# Rational Strain Design

Author: Daniel Machado [(CC BY-SA 4.0)](http://creativecommons.org/licenses/by-sa/4.0/)

- In this tutorial you will learn how to use metabolic models and flux balance analysis for rational strain design.
- You will use the [ReFramed](https://github.com/cdanielmachado/reframed) and [MEWpy](https://github.com/BioSystemsUM/mewpy) python libraries. Please check their respective documentation for details.
- If you haven't done so, you should try the [FBA tutorial](1_fba_intro.ipynb) first :)

## Step 1: Loading a model stored in SBML format

Again, we will use the central carbon metabolism model of *E. coli*.

In [None]:
from reframed import load_cbmodel
model = load_cbmodel('../files/e_coli_core.xml')

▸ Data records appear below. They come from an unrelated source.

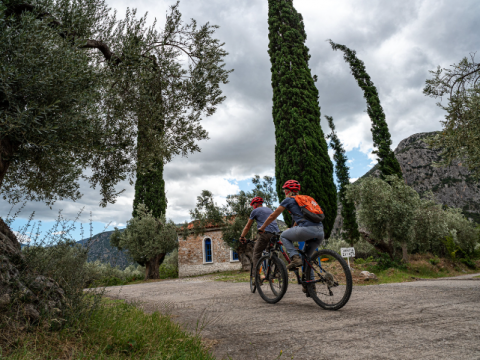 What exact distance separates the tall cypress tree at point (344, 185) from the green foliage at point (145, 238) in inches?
614

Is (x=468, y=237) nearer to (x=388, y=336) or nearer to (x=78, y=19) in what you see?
(x=388, y=336)

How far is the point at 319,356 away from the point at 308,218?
2.21 meters

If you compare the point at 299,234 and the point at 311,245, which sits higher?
the point at 299,234

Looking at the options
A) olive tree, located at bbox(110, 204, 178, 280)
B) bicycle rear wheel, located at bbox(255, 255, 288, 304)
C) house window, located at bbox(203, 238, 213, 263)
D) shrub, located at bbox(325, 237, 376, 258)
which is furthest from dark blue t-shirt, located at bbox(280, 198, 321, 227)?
house window, located at bbox(203, 238, 213, 263)

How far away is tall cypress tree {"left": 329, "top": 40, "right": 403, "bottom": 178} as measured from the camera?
23391mm

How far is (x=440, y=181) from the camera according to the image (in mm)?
72188

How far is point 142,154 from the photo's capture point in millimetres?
6984

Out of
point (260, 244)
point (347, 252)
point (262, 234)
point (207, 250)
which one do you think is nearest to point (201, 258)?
point (207, 250)

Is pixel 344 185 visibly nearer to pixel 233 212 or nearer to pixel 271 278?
pixel 233 212

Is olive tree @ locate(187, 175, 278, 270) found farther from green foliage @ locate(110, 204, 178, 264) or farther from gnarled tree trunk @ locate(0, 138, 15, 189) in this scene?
gnarled tree trunk @ locate(0, 138, 15, 189)

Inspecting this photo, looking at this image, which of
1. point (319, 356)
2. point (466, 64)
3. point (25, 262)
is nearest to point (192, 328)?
point (319, 356)

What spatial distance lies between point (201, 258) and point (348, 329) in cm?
2796

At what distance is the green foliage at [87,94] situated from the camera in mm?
4109

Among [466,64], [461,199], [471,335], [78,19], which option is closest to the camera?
[471,335] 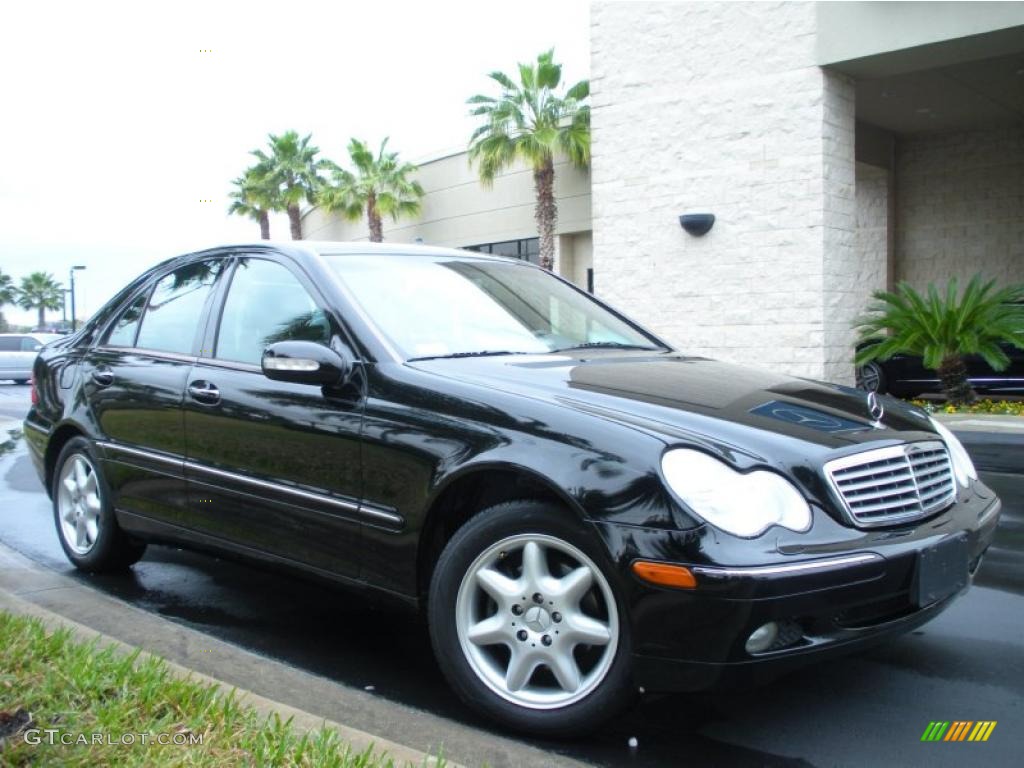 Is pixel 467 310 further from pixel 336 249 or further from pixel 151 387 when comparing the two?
pixel 151 387

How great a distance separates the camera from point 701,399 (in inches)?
130

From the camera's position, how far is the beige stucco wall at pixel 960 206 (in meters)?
18.3

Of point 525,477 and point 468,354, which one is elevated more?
point 468,354

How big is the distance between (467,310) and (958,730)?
2278 millimetres

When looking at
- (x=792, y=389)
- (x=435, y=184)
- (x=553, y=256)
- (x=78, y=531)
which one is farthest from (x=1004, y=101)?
(x=435, y=184)

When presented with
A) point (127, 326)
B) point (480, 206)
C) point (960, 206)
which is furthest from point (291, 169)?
point (127, 326)

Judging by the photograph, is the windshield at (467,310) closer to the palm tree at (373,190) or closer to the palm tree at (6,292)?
the palm tree at (373,190)

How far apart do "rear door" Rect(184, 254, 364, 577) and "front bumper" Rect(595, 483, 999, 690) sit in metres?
1.15

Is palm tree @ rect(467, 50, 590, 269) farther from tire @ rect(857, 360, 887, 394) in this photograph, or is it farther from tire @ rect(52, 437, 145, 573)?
tire @ rect(52, 437, 145, 573)

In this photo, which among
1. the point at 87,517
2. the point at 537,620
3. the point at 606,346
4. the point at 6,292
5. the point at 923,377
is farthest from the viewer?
the point at 6,292

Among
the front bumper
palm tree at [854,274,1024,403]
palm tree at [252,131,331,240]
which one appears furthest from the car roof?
palm tree at [252,131,331,240]

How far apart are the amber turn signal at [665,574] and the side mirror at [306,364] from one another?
1.35m

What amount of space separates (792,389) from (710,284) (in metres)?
10.5

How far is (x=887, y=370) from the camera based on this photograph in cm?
1508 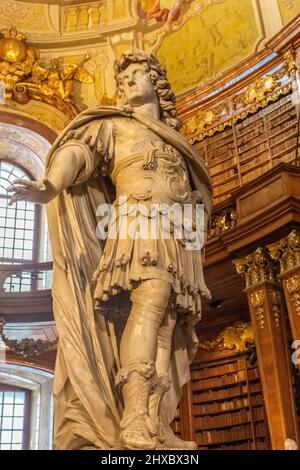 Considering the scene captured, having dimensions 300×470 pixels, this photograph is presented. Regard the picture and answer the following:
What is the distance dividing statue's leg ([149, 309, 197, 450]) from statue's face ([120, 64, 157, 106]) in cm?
100

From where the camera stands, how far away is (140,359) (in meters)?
1.96

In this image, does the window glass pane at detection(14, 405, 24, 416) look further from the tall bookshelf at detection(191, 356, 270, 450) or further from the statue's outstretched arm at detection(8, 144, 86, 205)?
the statue's outstretched arm at detection(8, 144, 86, 205)

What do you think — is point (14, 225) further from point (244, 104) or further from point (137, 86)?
point (137, 86)

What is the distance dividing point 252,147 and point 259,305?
260 cm

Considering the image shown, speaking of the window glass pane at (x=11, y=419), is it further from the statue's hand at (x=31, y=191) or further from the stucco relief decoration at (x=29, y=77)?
the statue's hand at (x=31, y=191)

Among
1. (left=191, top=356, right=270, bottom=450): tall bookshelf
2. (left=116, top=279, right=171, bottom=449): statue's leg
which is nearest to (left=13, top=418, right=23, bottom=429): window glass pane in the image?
(left=191, top=356, right=270, bottom=450): tall bookshelf

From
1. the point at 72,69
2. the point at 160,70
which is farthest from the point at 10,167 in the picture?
the point at 160,70

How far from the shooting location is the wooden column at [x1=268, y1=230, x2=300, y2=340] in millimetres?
5625

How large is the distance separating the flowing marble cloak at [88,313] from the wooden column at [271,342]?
3.40 m

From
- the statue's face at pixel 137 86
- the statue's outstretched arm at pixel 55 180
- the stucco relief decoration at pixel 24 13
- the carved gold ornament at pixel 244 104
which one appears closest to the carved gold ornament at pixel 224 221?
the carved gold ornament at pixel 244 104

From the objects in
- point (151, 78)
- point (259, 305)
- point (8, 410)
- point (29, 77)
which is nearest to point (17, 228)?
point (29, 77)

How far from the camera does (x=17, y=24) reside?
10.2 meters

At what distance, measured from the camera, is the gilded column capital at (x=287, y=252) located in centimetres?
585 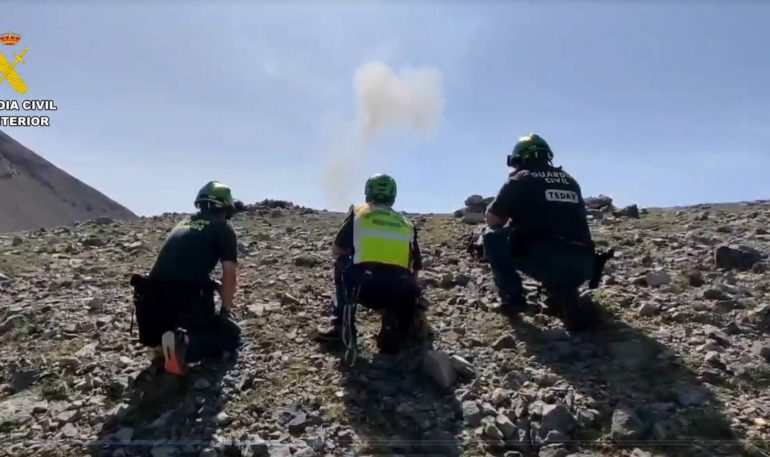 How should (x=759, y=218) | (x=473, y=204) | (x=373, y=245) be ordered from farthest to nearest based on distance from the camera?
1. (x=473, y=204)
2. (x=759, y=218)
3. (x=373, y=245)

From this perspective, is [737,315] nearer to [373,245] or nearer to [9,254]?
[373,245]

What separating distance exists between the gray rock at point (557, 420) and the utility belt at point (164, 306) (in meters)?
3.89

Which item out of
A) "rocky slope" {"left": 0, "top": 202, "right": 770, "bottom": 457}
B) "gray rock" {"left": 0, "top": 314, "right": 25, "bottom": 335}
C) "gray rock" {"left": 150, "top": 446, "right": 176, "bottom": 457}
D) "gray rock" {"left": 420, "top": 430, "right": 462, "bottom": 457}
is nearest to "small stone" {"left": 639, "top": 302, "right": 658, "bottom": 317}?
"rocky slope" {"left": 0, "top": 202, "right": 770, "bottom": 457}

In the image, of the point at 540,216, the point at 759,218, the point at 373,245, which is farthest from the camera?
the point at 759,218

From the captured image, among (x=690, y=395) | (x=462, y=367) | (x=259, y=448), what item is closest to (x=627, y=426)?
(x=690, y=395)

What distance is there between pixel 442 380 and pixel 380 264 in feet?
4.55

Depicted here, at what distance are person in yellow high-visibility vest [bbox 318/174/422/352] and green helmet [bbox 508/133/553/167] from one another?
5.95ft

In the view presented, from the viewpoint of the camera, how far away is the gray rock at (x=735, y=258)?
953cm

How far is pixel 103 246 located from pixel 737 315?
1247 centimetres

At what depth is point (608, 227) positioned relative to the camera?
45.6 ft

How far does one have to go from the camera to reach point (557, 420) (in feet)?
19.4

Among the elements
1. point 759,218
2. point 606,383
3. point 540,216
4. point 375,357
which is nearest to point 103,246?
point 375,357

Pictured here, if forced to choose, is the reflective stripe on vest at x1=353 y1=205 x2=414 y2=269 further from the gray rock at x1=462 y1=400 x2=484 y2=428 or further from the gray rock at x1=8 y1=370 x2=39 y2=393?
the gray rock at x1=8 y1=370 x2=39 y2=393

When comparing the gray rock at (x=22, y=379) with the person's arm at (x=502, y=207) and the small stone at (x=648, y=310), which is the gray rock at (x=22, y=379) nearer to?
the person's arm at (x=502, y=207) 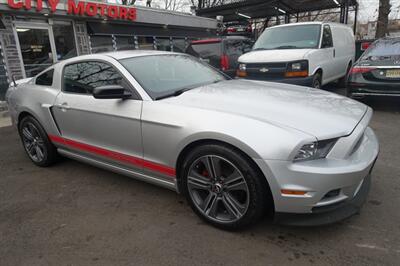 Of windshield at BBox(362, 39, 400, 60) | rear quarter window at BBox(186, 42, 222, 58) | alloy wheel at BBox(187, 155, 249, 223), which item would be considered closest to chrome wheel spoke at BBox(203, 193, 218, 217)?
alloy wheel at BBox(187, 155, 249, 223)

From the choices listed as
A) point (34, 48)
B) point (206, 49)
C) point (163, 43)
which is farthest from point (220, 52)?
point (163, 43)

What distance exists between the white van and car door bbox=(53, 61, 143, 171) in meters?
4.50

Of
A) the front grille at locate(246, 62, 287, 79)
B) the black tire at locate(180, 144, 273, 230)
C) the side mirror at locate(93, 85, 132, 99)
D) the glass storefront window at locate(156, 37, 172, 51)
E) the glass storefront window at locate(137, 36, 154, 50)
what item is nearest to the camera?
the black tire at locate(180, 144, 273, 230)

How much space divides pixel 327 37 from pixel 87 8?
7.87m

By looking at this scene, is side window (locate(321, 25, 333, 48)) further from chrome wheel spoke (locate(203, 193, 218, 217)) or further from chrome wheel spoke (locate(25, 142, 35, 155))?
chrome wheel spoke (locate(25, 142, 35, 155))

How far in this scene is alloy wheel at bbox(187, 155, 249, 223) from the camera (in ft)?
8.47

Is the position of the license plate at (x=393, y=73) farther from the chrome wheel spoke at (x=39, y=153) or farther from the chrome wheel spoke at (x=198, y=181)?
the chrome wheel spoke at (x=39, y=153)

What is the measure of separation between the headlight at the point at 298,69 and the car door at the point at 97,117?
457 centimetres

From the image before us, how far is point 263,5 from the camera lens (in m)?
16.0

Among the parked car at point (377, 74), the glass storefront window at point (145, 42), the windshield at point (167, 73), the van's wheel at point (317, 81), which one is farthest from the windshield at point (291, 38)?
the glass storefront window at point (145, 42)

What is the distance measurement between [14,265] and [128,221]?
3.08 feet

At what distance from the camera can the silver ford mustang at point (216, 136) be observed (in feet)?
7.65

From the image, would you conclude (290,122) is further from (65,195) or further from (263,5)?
(263,5)

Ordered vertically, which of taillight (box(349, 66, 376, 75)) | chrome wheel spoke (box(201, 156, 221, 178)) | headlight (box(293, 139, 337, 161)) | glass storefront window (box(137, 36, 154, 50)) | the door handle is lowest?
chrome wheel spoke (box(201, 156, 221, 178)) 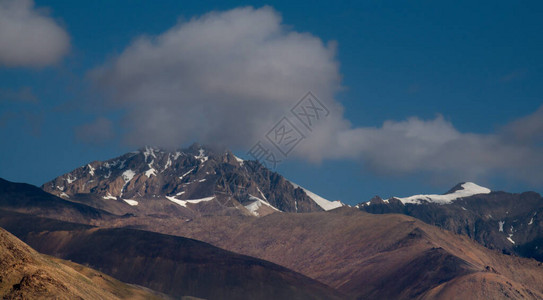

## Step 2: Defining the problem

Imagine you want to overproduce **succinate** under **anaerobic** conditions. 

Let's begin by completely removing oxygen from the growth medium and check how much succinate is overproduced (i.e. secreted) by the wild-type strain:

In [None]:
from reframed import FBA
model.reactions.R_EX_o2_e.lb = 0
solution = FBA(model)
print(f"Growth rate: {solution.fobj}")
print(f"Succinate secretion: {solution.values['R_EX_succ_e']}")

As we can see, the wild-type strain is not secreting any succinate.

We can also query the model with regard to the maximum theoretical production instead. We can do this by setting succinate secretion as our objective function in FBA:

In [None]:
solution = FBA(model, objective='R_EX_succ_e')
print(f"Succinate secretion: {solution.values['R_EX_succ_e']}")

To better understand the trade-off between growth and production we can look at the **production envelope**: 

In [None]:
from reframed import plot_flux_envelope
plot_flux_envelope(model, model.biomass_reaction, 'R_EX_succ_e')

We can see there is a trade-off between growing and secreting succinate, evolution is not on our side.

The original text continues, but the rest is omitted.